Por Gabriel Perissé Em: 17/04/2010, às 16H08
Gabriel Perissé
Medo azedo, que começa cedo e vai noite adentro, como se cura?
Medo de penedo, de cair bêbedo, medo de bicharedo, como se cura?
Medo de paralelepípedo, medo de segredo, medo de bruxedo, como se cura?
Medo cruz-credo, medo do degredo, medo com todos os enredos, como se cura?
Medo de dedo em riste, medo de folhedo triste, medo até de inofensivo chiste, como se cura?
E medo de ter medo, como se cura?
Busquei vários métodos para curar meus medos. Cantei para espantar os males, mas os males voltaram quando fiz silêncio. Rezei para exorcizar meus medos, mas eles voltaram quando perdi a fé. Dei a volta ao mundo para despistá-los, e eles me encontraram quando voltei ao ponto de partida. Medos não têm receio de perseguir o medroso. Perseguem, sem dó nem piedade.
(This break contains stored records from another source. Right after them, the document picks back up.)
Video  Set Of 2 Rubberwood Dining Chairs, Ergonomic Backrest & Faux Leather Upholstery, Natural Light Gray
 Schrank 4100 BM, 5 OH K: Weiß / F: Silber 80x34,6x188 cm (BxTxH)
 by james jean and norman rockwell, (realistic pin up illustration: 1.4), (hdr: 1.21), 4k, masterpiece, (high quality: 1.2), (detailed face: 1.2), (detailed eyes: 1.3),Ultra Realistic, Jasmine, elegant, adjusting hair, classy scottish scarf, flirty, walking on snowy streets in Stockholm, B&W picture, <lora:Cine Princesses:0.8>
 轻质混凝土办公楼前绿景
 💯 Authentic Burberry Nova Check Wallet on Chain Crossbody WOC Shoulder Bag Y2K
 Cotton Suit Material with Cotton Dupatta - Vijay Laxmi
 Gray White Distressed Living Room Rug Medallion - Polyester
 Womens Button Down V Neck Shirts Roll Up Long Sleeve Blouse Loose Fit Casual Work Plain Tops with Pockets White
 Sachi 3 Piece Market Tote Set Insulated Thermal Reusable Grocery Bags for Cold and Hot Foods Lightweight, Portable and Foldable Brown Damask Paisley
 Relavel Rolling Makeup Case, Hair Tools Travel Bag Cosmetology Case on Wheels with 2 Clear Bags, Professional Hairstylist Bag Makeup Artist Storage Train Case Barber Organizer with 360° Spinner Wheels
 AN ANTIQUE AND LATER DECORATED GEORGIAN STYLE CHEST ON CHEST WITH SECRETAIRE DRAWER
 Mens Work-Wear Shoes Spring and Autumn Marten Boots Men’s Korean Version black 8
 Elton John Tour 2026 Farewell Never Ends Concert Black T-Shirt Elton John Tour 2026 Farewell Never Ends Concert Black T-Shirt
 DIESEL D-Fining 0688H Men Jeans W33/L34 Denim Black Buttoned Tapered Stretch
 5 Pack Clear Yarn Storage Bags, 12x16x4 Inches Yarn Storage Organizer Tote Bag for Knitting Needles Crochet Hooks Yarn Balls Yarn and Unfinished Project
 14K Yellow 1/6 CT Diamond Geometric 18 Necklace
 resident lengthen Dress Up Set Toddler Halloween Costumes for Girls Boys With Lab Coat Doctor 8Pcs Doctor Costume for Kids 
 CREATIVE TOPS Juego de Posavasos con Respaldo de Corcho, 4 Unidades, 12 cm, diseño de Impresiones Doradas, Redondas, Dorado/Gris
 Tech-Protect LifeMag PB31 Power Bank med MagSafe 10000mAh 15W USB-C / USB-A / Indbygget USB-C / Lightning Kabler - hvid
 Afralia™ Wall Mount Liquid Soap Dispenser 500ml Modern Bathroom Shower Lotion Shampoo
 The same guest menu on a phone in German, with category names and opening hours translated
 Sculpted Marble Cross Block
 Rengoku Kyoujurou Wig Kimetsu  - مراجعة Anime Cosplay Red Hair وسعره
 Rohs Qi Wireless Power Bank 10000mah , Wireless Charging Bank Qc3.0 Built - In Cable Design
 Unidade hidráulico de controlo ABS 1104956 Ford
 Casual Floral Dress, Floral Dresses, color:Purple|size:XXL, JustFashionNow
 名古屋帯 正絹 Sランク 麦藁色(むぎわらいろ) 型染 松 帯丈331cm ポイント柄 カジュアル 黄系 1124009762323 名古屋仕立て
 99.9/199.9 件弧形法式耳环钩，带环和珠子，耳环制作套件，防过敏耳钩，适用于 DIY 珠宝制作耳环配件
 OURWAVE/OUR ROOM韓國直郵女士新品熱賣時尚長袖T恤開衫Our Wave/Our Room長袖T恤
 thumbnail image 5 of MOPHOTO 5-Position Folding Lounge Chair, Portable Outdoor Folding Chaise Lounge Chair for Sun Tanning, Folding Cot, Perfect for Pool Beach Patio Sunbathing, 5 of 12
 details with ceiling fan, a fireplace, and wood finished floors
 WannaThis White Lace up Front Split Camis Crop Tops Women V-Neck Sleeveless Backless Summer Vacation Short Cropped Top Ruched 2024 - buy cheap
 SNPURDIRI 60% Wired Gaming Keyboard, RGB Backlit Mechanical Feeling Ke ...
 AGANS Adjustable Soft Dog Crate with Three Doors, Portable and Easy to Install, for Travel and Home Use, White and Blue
Todo medo se cura quando se perde o medo do conhecimento — conhecer as horas e suas vírgulas, conhecer as notas musicais, conhecer o pulo do gato e o gosto do vinho, conhecer o tamanho da queda, conhecer as pedras do caminho, conhecer o medo que o prepotente tem de ter dor de dente como qualquer um pode ter um dia... Conhecer, em suma, que tudo tem cura.
Até mesmo tem cura aquele medo profundo que há em todo mundo, o medo da coisa mais impura, da mais insana loucura, da mais escura tontura, da mais agoniante afogadura, de tudo o que é censura, baixura, queimadura, medo de tortura, tesoura abrindo a alma da nuca à cintura. Até mesmo tem cura esse medo de tamanha tremedura.
Medo se cura com conhecimento do medo, conhecimento do próprio abatimento, conhecimento do açoitamento, de cada momento da vida em seu doloroso andamento, conhecimento das artimanhas, das ciladas, de tudo o que se esconde no quase nada, conhecimento dos outros e, sobretudo, desse outro em que mora o medo, e esse outro sou eu mesmo.
E como se faz esse autoconhecimento?, todos perguntam, morrendo de medo. Não, não é no espelho que eu me conheço, nem pedindo aos outros opinião. É nos livros que eu leio, é neles que eu me conheço, é neles que perco toda a ilusão, tendo consciência da ciência que tenho, tendo uma visão sobre a visão que vejo, escrevendo sobre o que eu leio nas minhas leituras — e esse conhecimento cura!
Gabriel Perissé é doutor em Educação pela USP e escritor.